男の指が、女の脚と脚の間の縮毛をつまんだ。
「んっ」
女は大の字になり、粗末な台に繋がれていた。
薄い肉叢の覆った肩、そこからしなやかに伸びた腕、ふくよかに盛り上がった乳房を支える、エロティックな瓢箪型の壺を聯想する締まったウエストから広がる下半身──…一糸まとわぬ女体は、それだけで見る者に劣情をきたそうまでには見事だ。

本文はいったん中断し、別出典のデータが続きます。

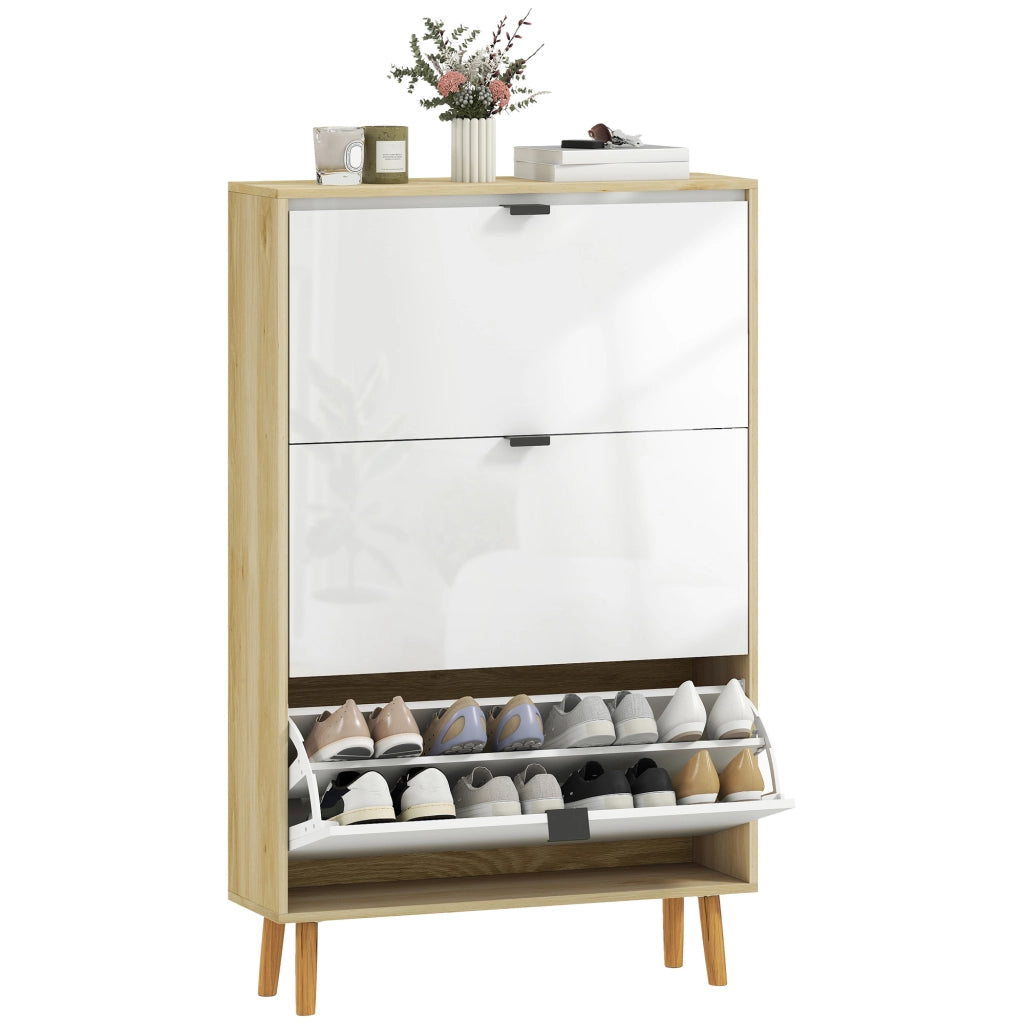 Scarpiera con 3 Cassetti Ribaltabili ¨C zephmum ¨C Bianco 80x24x127 cm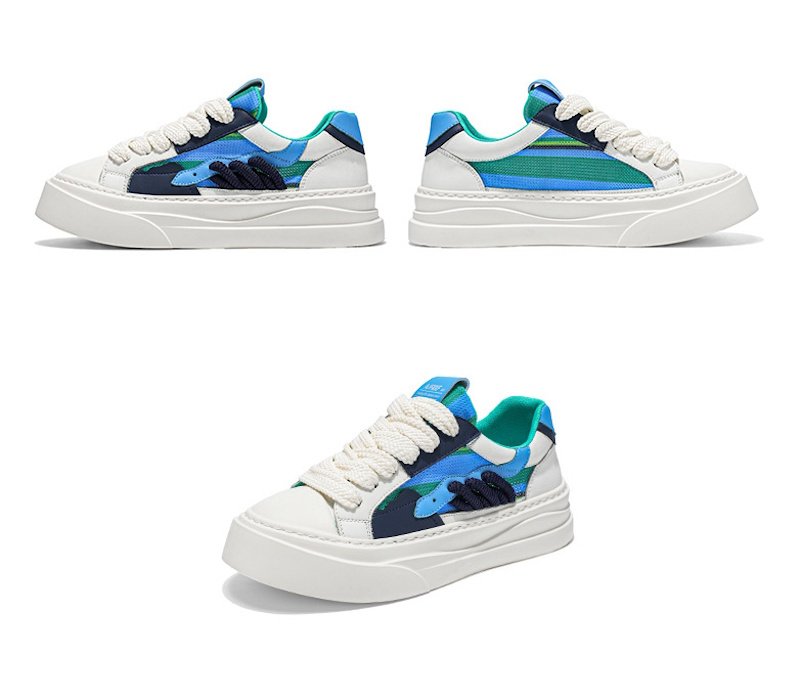 画像4: Men's Shoes: Color-Matching Breathable Lace-Up Sneakers　男女兼用ユニセックスプラットフォーム厚底カラーマッチングブリーザブルレースアップスニーカー シューズ (4)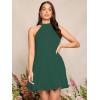 imageSweatyRocks Womens Casual Sleeveless Tie Back Halter Dress Mini Swing Pleated Aline Loose DressDeep Green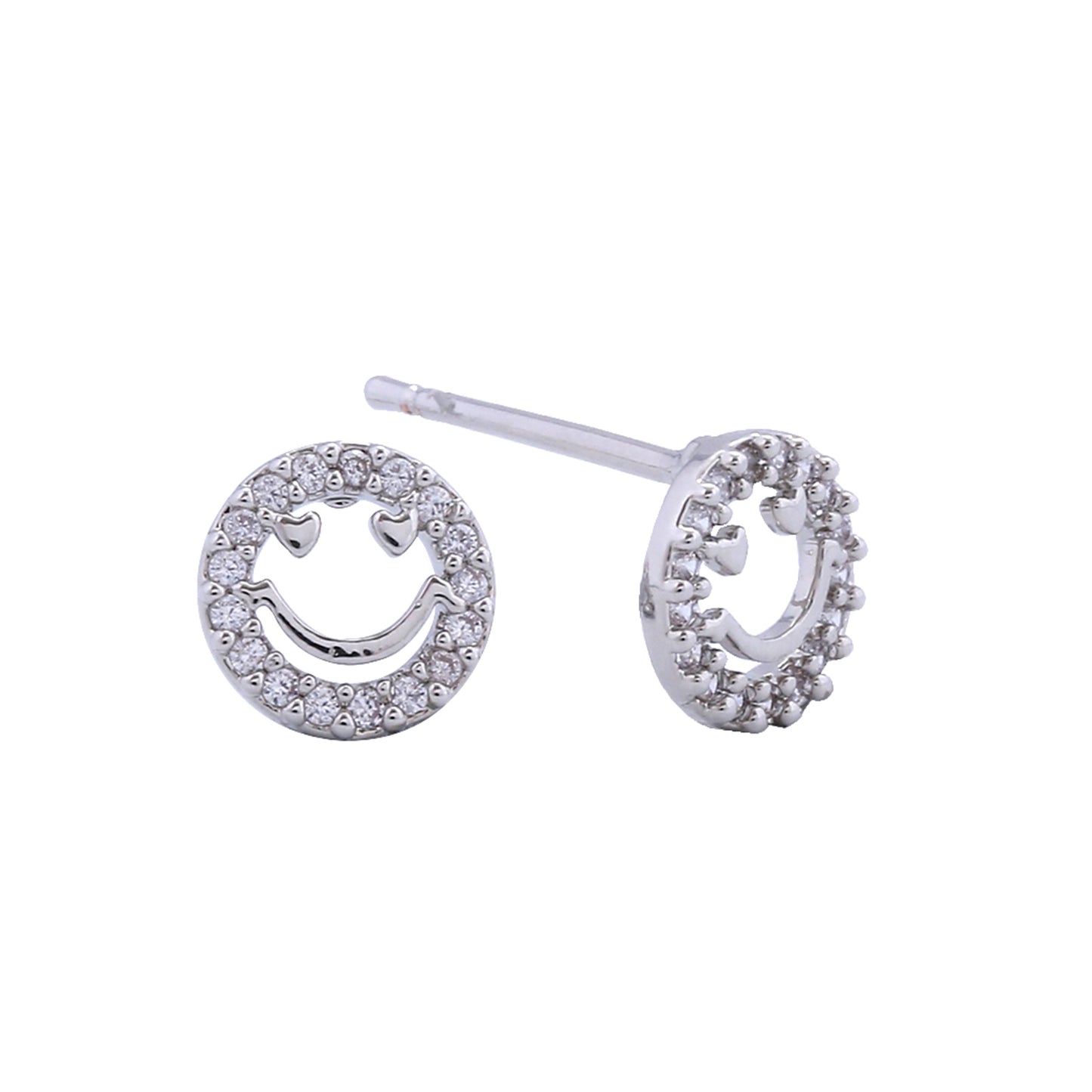 14K Gold/White Gold Dipped Bordered Smile Stud Earrings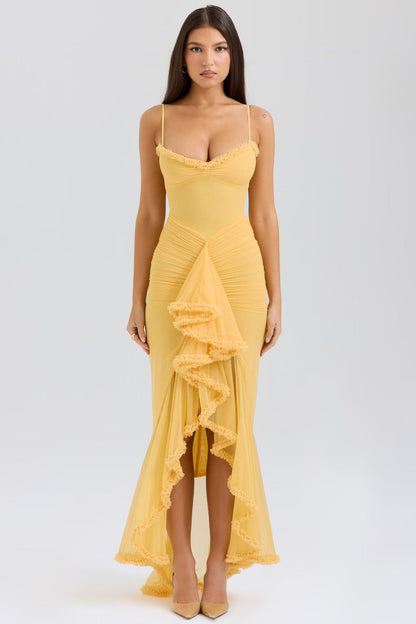Vestido Roxanne Sin Mangas Con Volantes Y Escote Corazón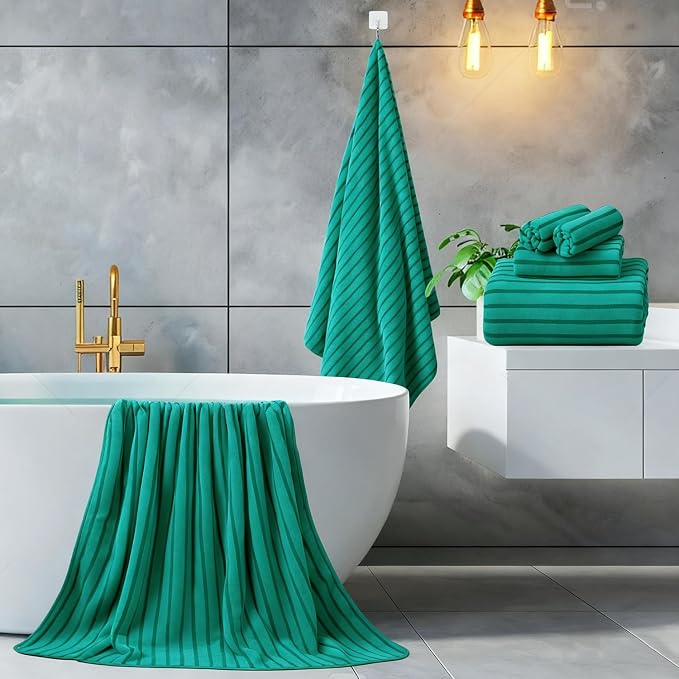 Mistyrose Bath Towels,8 Pack Large Bath Towels Set Super Absorbent Microfiber Bath Sheets-2 Oversized Bath Sheets 2 Hand Towels 4 Washcloths for Family Hotel Spa Gym(Emerald Green) - Image 3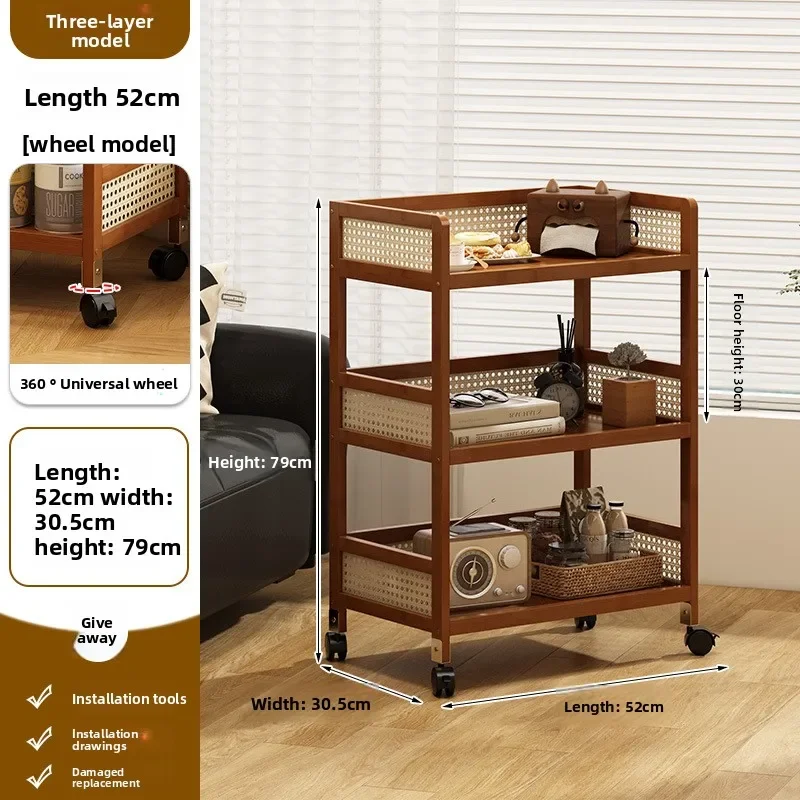 Multi-functional Mobile coffee table trolley baffle rack multi-layer snack storage rack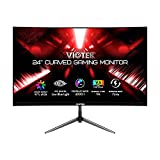 VIOTEK NBV24CB2 24-Inch Curved Monitor, 75 Hz Full-HD Frameless Monitor for Home, Office & Gaming | VGA, HDMI, 3.5mm | Adaptive Sync w/Superior Dead Pixel Policy + 3Yr Performance Promise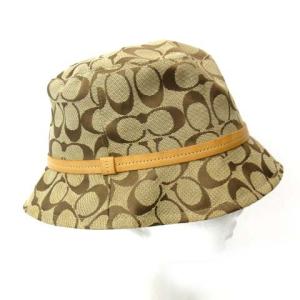 COACH 帽子 バケットハット シグネチャー柄 キャンバス レザー ベージュ ブラウン P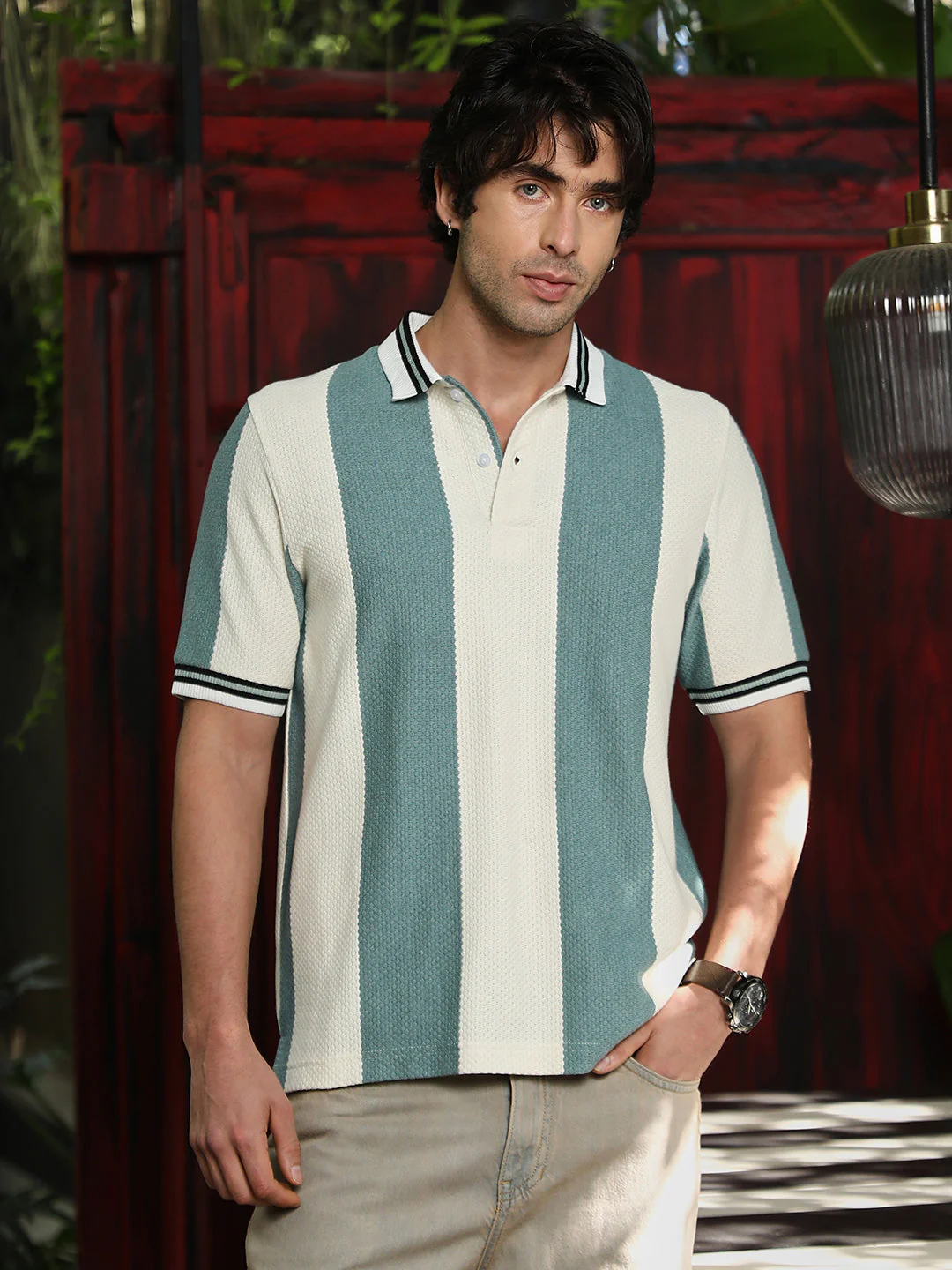 Awning-Jacquard Polo T-Shirt - Image 2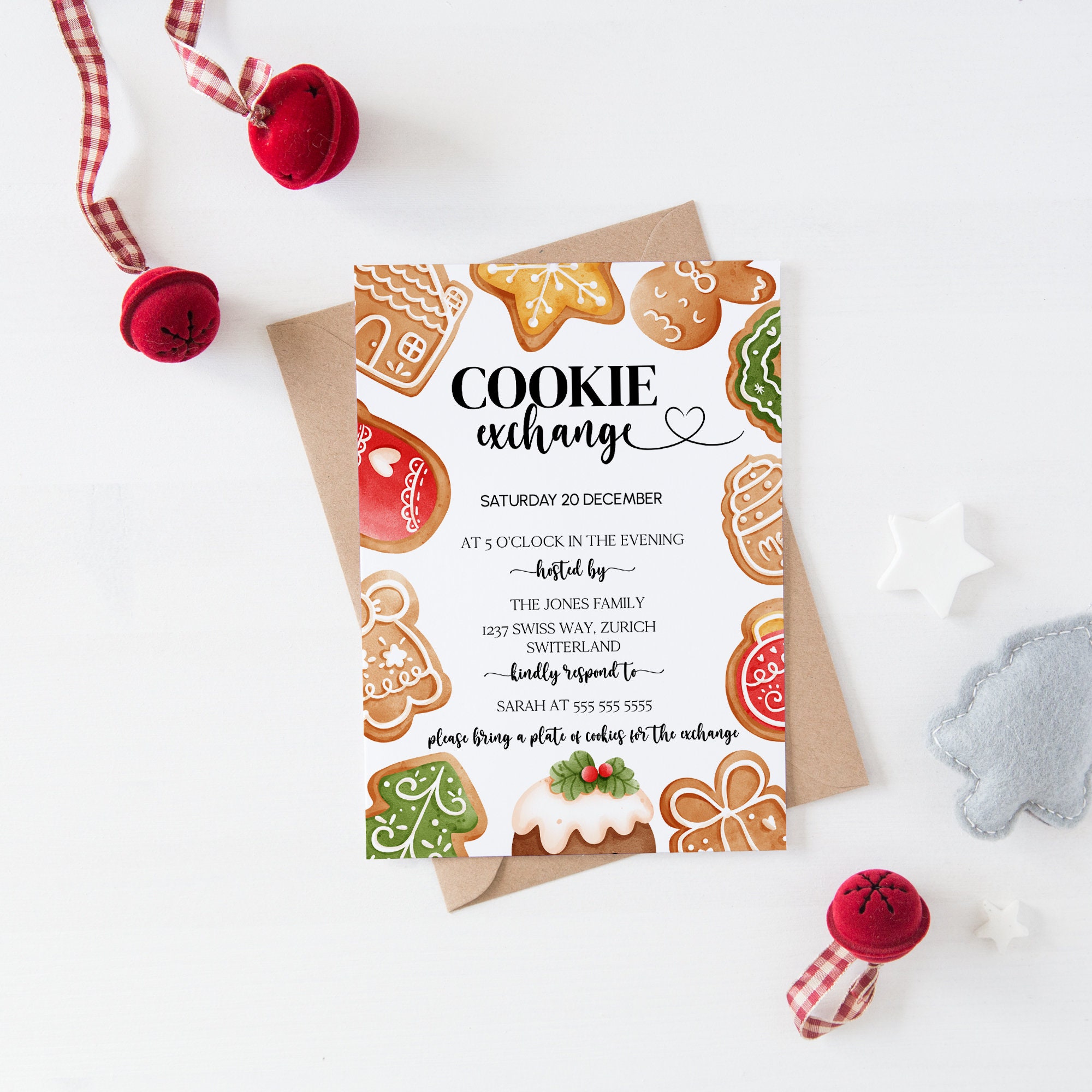 Cookie Exchange Invitation Template Holiday Cookie Swap Etsy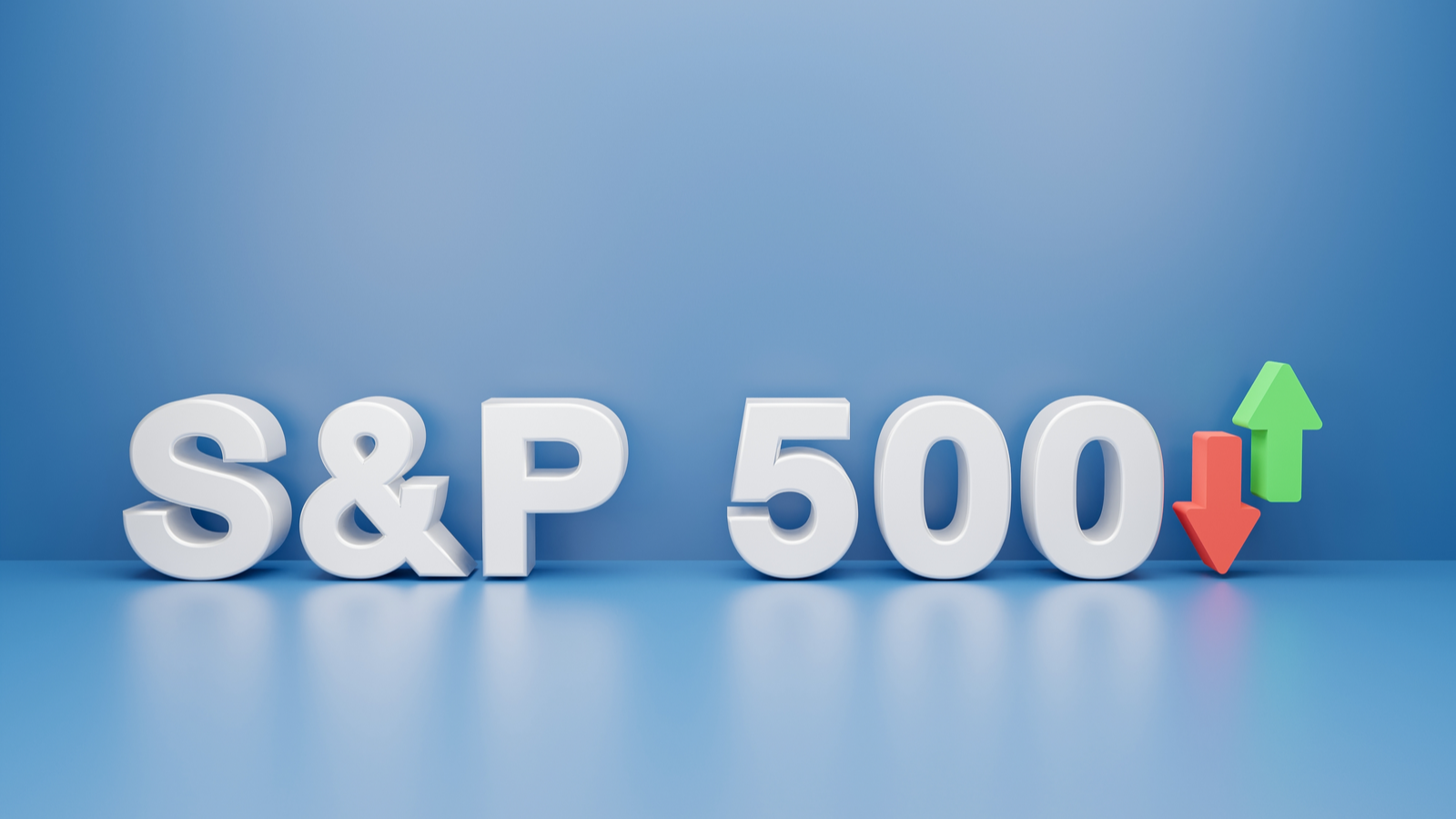 S&P 500 block letters displayed on a light blue background. SPY stock.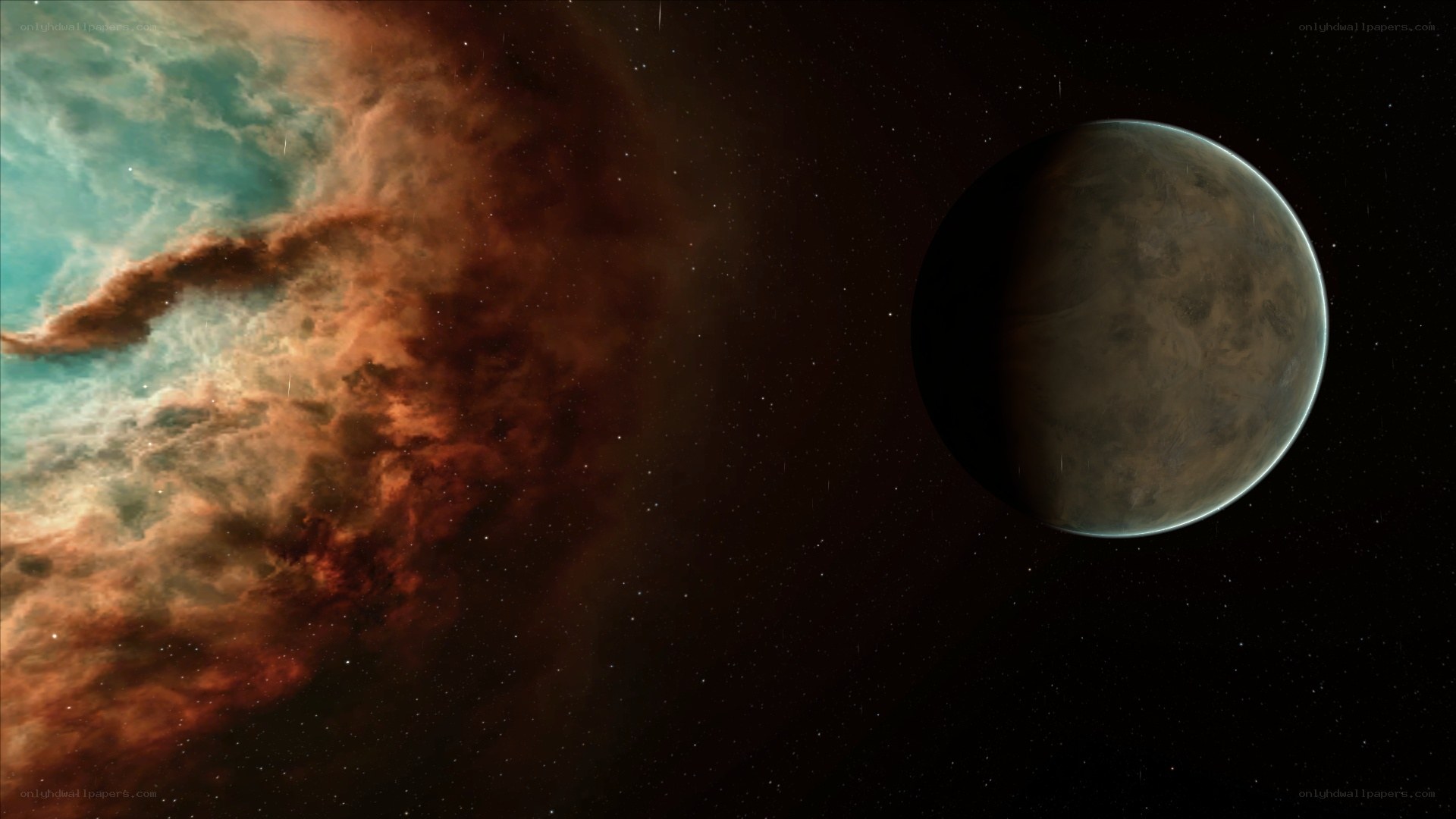 Planet near nebula in space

男は伸びた恥丘を離した。その目はいかなる情緒も湛えず、不感症の視線が女を舐める。
「まだ……意地を張るのか。被害者どもも喜んでおろう。ほら、見ろ。お前を見ておる」
「っ、……」
女の目先の薄闇に、三方を巡った鉄格子がある。
壁伝いの独房から、薄布をつけた女達と、ブリーフ一枚の男達が、中央台を盗み見ていた。
男による感覚的干渉が、女の身体を這いにかかった。
「んっ、く……」
男の指が遊ぶはずみに、肉体は微動し、たわむ。
まもなく男のスーツケースから、黒い棒状の機器が出た。
哺乳類らは、中央の二人を見守るばかりだ。檻の中、裸体同然の姿で禁足されていては、抜け出すことも不可能だからだ。